A sociedade é a culpada de tudo, para uns! Quem deveria sentar na cadeira dos réus quando passamos por tantos vexames, quando perdemos a direção da tão almejada virtude? O que fazemos para o mundo melhorar? Será que só deve ser expelidos sentimentos de culpas! E quem serão os culpados por esse mundo nosso de cada dia, passar por tantas transformações e desencontros? É bom voltar a uma reflexão criando uma simples pergunta: o homem que recupera a sua dignidade e retoma as suas reais virtudes merece viver neste mundo?

Observo a imensa quantidade de homens procurando aliviar os seus sofrimentos físicos ou mentais, narcotizando sua existência com o auxílio do álcool, do fumo ou drogas entorpecentes, seguindo caminhos ignorados, se transformando num animal irracional sem vida e voraz. Nessa destruição pessoal surge o remorso! E o que fazer com o remorso? O remorso pode ser imaginado como um protesto da consciência humana, contra a violação daquilo que sabemos ser justo e certo, e que deixamos passar despercebido.

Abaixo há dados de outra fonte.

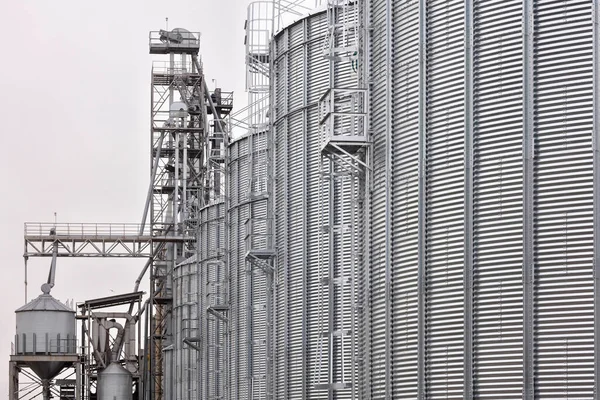 Galvanized Steel Silos Grain Storage —  Fotos de Stock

Nesse caso, pode se dizer honestamente, que a liberdade é o sentimento de culpa que nos oprime como as cadeias ou prisões aos condenados.
O homem sente-se uma nova criatura e pensa nas realizações, nos puros anseios e na concretização dos seus sadios ideais.

Porém, vivemos num mundo que se transforma sempre, sendo o homem a figura que dá origem às modificações dos fatos e das coisas. As modificações criam os mais diversos momentos de alegria e de tristezas, de forças e de fraquezas, de emoções e de vários sentimentos. As dificuldades contrabalançam as alegrias, as fraquezas contrabalançam as forças, as emoções e os sentimentos se contrabalançam entre si, porque às vezes se chocam numa explosão de personalidades e temperamentos.

O homem sofre porque nunca está satisfeito com aquilo que tem. É uma ambição normal, mas necessária, porque é través dela que o homem chega a se sentir realmente senhor dos seus atos, senhor de si próprio, querendo o caminho de quem quer ser o dono do mundo.

Se você fosse dono do mundo, o que você seria? O que faria para mudar tantas divergências e ânsias para ter a qualquer custo o poder ou apenas se divertiria, achando graça de tudo e de todos, achando que levou vantagem em todas as suas investidas na arte de enganar? PENSEM NISSO!!!